GIVEN DATA:
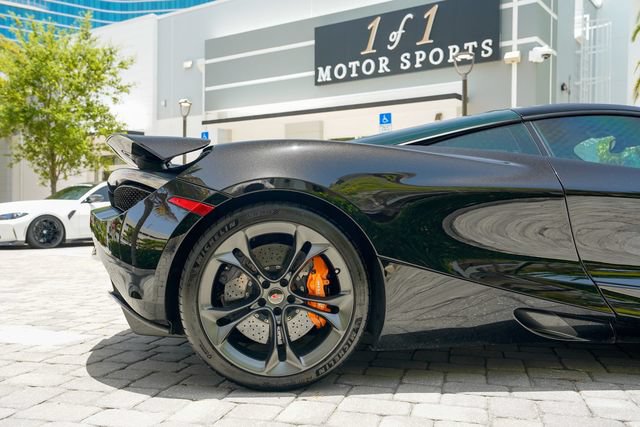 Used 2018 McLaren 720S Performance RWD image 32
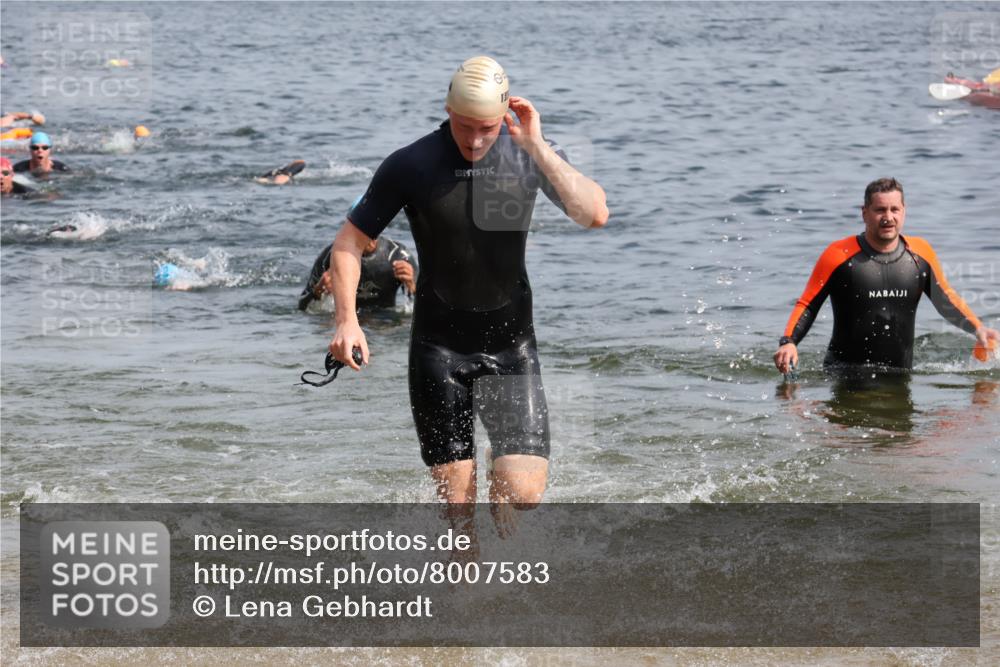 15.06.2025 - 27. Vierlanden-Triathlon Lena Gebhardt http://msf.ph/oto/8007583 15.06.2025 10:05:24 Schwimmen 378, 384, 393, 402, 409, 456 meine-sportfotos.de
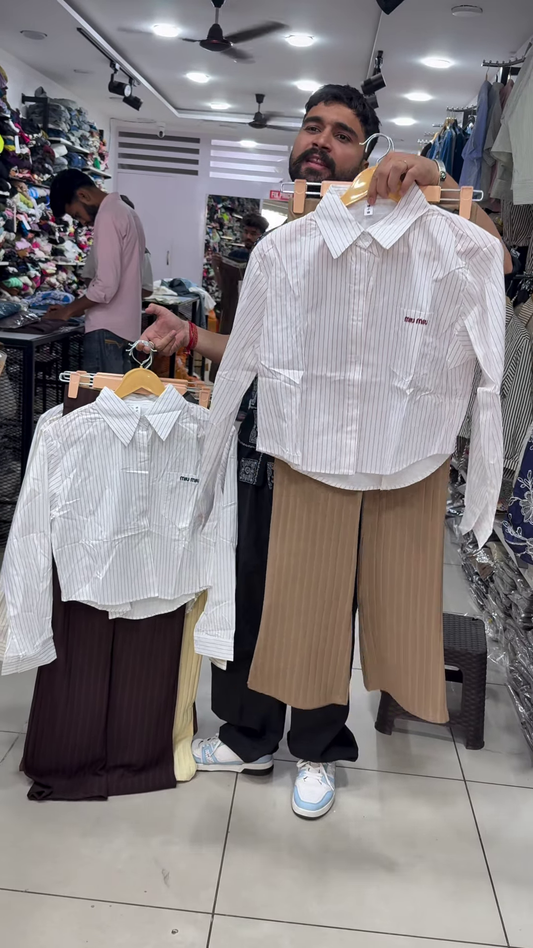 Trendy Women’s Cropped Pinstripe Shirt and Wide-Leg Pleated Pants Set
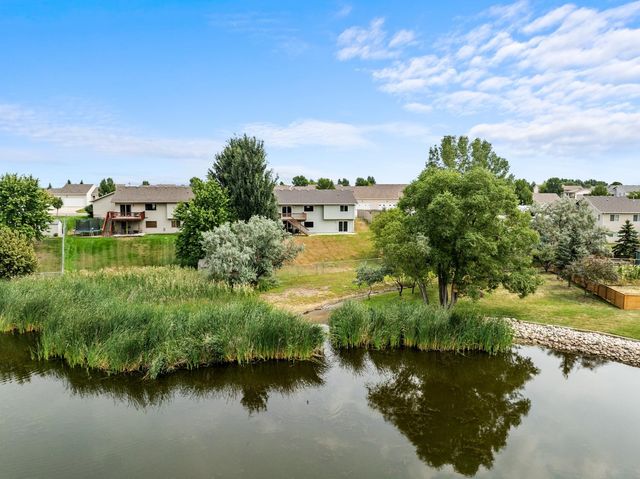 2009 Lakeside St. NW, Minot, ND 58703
* * *
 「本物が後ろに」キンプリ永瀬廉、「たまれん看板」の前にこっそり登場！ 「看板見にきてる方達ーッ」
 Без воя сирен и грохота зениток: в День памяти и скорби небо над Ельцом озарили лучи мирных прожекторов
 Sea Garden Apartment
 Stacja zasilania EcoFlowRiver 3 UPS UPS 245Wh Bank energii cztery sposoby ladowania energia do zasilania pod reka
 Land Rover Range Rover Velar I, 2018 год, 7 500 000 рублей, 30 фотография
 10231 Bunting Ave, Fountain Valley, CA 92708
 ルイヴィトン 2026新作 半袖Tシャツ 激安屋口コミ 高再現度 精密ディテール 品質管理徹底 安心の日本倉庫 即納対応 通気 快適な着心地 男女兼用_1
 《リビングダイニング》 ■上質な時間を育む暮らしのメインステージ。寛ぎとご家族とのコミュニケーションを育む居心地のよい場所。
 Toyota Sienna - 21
* * *
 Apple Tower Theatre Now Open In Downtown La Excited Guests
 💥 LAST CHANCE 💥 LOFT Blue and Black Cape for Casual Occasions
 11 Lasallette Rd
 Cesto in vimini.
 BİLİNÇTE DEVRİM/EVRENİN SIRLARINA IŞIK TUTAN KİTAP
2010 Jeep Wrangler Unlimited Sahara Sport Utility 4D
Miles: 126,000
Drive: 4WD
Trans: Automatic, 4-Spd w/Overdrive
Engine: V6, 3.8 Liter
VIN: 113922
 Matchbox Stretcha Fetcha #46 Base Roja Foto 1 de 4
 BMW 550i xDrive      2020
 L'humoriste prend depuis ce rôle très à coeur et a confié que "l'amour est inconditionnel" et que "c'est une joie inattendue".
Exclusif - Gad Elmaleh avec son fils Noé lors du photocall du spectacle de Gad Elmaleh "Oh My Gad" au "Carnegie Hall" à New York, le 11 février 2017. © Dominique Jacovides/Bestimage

WHAT IS NEEDED:
Above is a listing; print exactly its lines from the one with "BİLİNÇTE DEVRİM/EVRENİN SIRLARINA" through the one with "Exclusif - Gad", and no other lines.

EXERCISE RESPONSE:
 BİLİNÇTE DEVRİM/EVRENİN SIRLARINA IŞIK TUTAN KİTAP
2010 Jeep Wrangler Unlimited Sahara Sport Utility 4D
Miles: 126,000
Drive: 4WD
Trans: Automatic, 4-Spd w/Overdrive
Engine: V6, 3.8 Liter
VIN: 113922
 Matchbox Stretcha Fetcha #46 Base Roja Foto 1 de 4
 BMW 550i xDrive      2020
 L'humoriste prend depuis ce rôle très à coeur et a confié que "l'amour est inconditionnel" et que "c'est une joie inattendue".
Exclusif - Gad Elmaleh avec son fils Noé lors du photocall du spectacle de Gad Elmaleh "Oh My Gad" au "Carnegie Hall" à New York, le 11 février 2017. © Dominique Jacovides/Bestimage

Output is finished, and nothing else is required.